249. On the 16th of April, 1607, was born the second son of Henry IV. by Marie de Medicis, who received the title, Le Duc d'Orléans. In France, public rejoicings were universal. On the 22d of the month, he was invested with the insignia of the Order of St. Michael and the Holy Ghost with great pomp, on which occasion a banquet was given by the King in the great hall at Fontainebleau, and in the evening the park was illuminated by bonfires and a pyrotechnic display, which was witnessed by a vast concourse of people. The young prince was baptized privately by the Cardinal de Gondy, but the state ceremonies of his christening were delayed, and appear never to have taken place: he died in the fifth year of his age, never having received any Christian name.—Vide the Life of Marie de Medicis, by Miss Pardoe, London, 1852, Vol. I. p. 416; Memoirs of the Duke of Sully, Lennox, trans., Phila., 1817, Vol. IV. p. 140. In New France, the little colony at Port Royal attested their loyalty by suitable manifestations of joy. "As the day declined," Says Lescarbot, "we made bonfires to celebrate the birth of Monseigneur le Duc d'Orléans, and caused our cannon and falconets to thunder forth again, accompanied with plenty of musket-shots, having before for this purpose chanted a Te Deum." —Vide His. Nou. France, Paris, 1612, p.594.

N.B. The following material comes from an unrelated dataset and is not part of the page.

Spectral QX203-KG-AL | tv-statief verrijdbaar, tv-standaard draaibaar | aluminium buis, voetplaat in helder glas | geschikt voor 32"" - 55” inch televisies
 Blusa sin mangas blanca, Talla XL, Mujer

250. Lescarbot says that about four hundred set out for the war against the Almouchiquois, at Choüacoet, or Saco. The savages were nearly two months in assembling themselves together. Mabretou had sent out his two sons, Actaudin and Actaudinech, to summon them to come to Port Royal as a rendezvous. They came from the river St. John, and from the region of Gaspé. Their purpose was accomplished, as will appear in the sequel.
251. At St. John, they visited the cabin of Secondon, the Sagamore, with whom they bartered for some furs. Lescarbot, who was in the expedition, says, "The town of Ouïgoudy was a great enclosure upon a hill, compassed about with high and small trees, tied one against another; and within it many cabins, great and small, one of which was as large as a market-hall, wherein many households resided." In the cabin of Secondon. they saw some eighty or a hundred savages, all nearly naked. They were celebrating a feast which they call Tabagie. Their chief made his warriors pass in review before his guests.—Vide His. Nou. France, par M. Lescarbot. Paris, 1612. p. 598.
252. They found sack at St. Croix that had been left there by De Monts's colony three years before, of which they drank. Casks were still lying in the deserted court-yard: and others had been used as fuel by mariners, who had chanced to come there.